Type 2 diabetes mellitus: A disorder in the body’s ability to use insulin. Early in the course of the disease the patient may be able to make sufficient insulin, but cell-receptor impairment results in hyperglycemia despite normal or high insulin levels. Type 2 diabetes is usually a disease of older adults; onset in the sixth decade and beyond is common. As obesity increases in the population type 2 diabetes also increases. Type 2 diabetes is now commonly seen in adolescents and young adults with obesity and a sedentary lifestyle.
3 What comorbidities are frequently observed in patients with diabetes mellitus and to what significance?
Hypertension is seen in 40% of patients with poorly controlled diabetes who undergo surgery. Hypertension is a risk factor for coronary artery disease and cardiac failure. If these patients are treated with potassium-wasting diuretic agents, there is often significant total body loss of potassium.
Coronary artery disease is common, occurs in younger patients, and may be silent or present atypically.
Autonomic neuropathy may compromise neuroreflexic control of cardiovascular and gastrointestinal function, manifesting as orthostatic hypotension, gastroparesis (increased risk of aspiration), ileus, and urinary retention. Peripheral neuropathies are common.
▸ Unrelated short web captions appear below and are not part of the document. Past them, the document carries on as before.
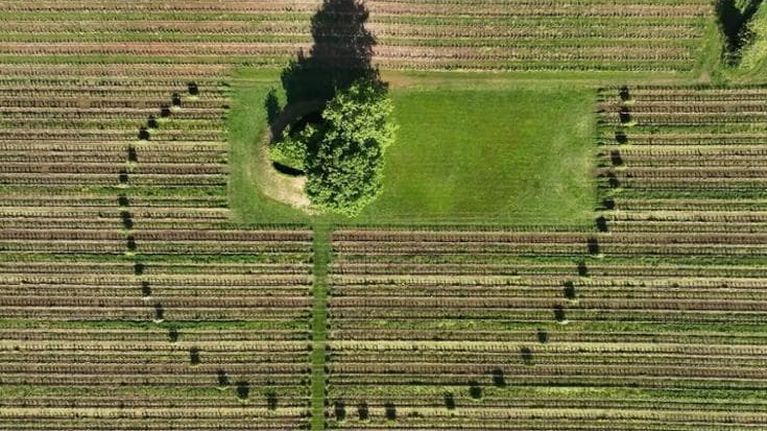 Agroforestazione e specie resistenti, così la vite resiste al riscaldamento globale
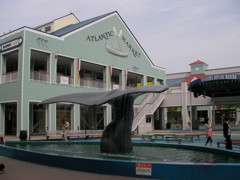 20080522141411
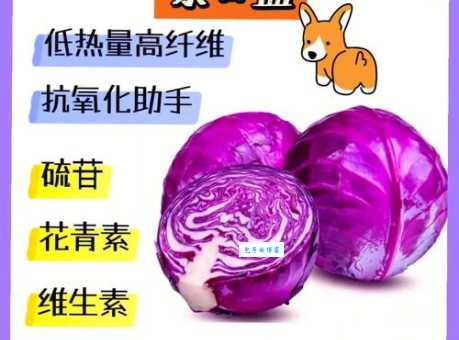 甘蓝的营养价值及功效这种蔬菜比你想的更营养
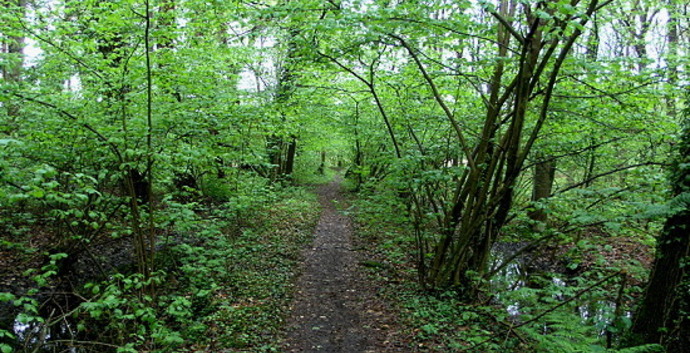 Pasen. Wandelcafé bij Boxtel. De Geelders. Wandelen singles 40+ 50+ 60+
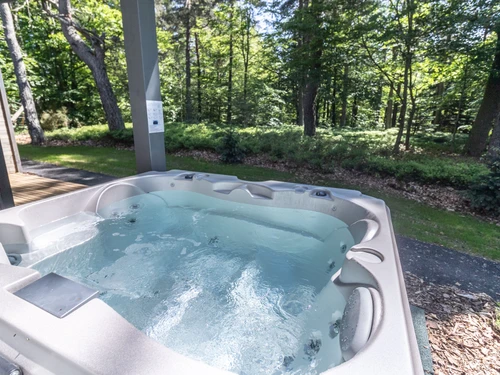 Gite Le Chambon-sur-Lignon, 1 bedroom, 4 persons - photo_18951116947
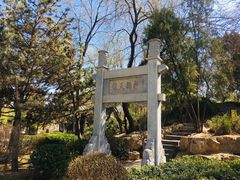 -迎泽公园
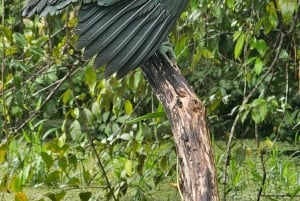 Tortuguero: Passeio de canoa pela Amazónia costa-riquenha.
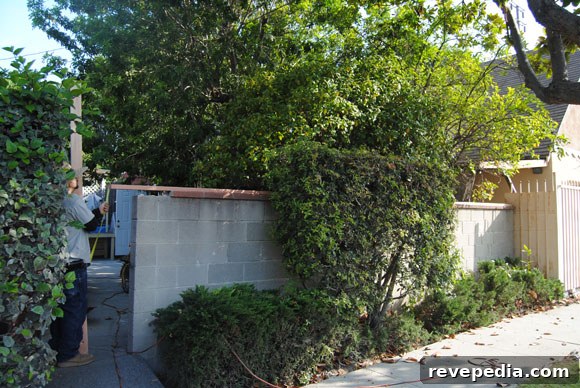 fence-before.jpg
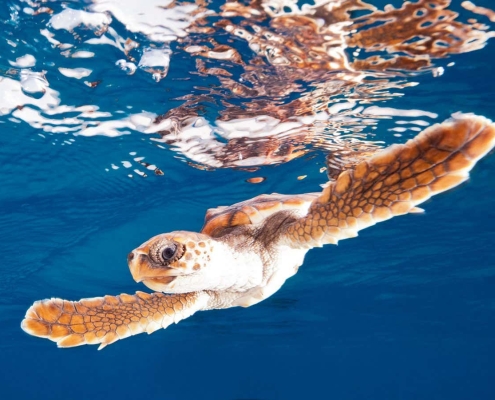 Sea turtles may be more resilient to global warming than we thought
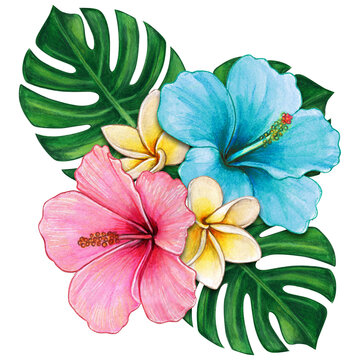 watercolor tropical flower composition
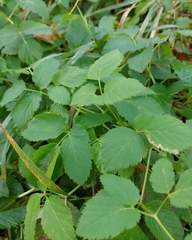 Aegopodium podagraria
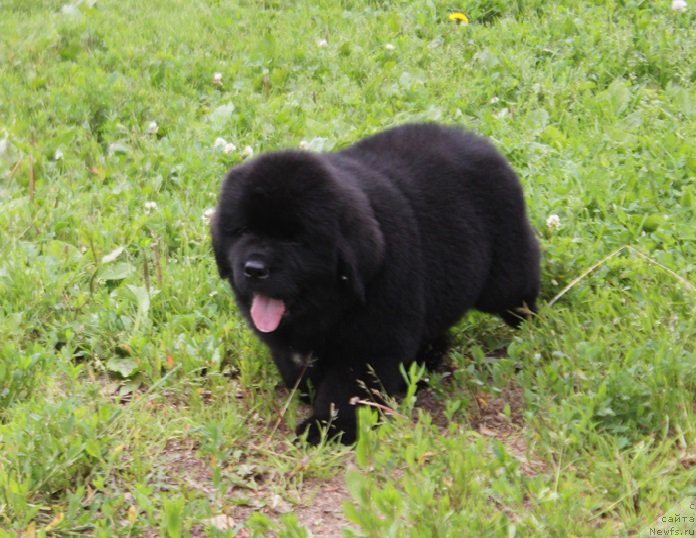 Фото: ньюфаундленд Терра Виктория Латерина (Terra Victoria Laterina)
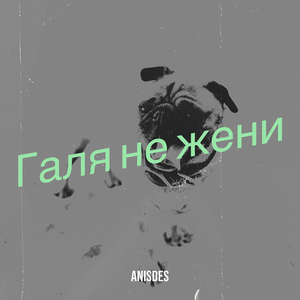 Галя не жени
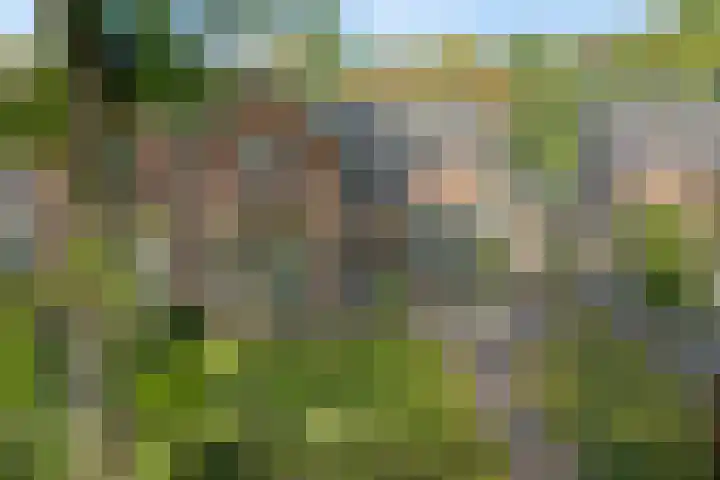 Boslaan 17 Balkbrug thumbnail 53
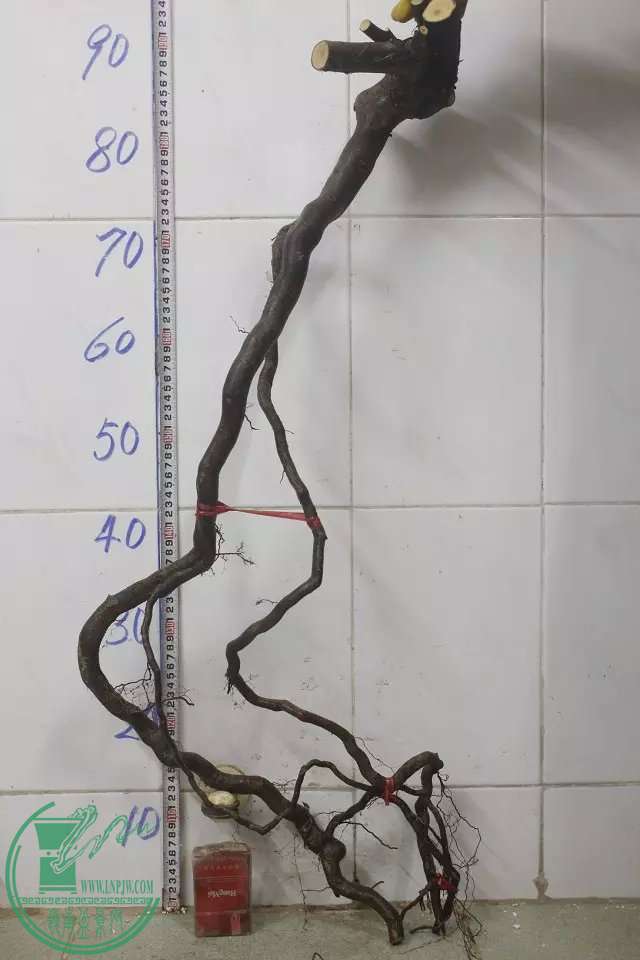 psb (3).jpg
Disturbances in renal function are common, including increased blood urea nitrogen (BUN) and creatinine, protein loss, hypoalbuminemia, acidosis, and electrolyte disturbances.
4 What oral medications are currently used in type 2 diabetes?
There are two categories of drugs used in treating type 2 diabetes: those that enhance the effectiveness of insulin and those that increase the supply of insulin to the cells. These drugs are outlined in Table 49-1.
5 What insulins are in current use?
Modern intensive insulin therapy relies on newly designed insulin analogs. Insulin therapy is given using a basal-bolus construct: long-acting (24-hour) insulin is used to provide a steady basal platform, and rapid-acting insulin is used to provide boluses for carbohydrate intake in meals and snacks. This necessitates giving at least four injections per day or the use of an insulin pump. The specific insulins are outlined in Table 49-1.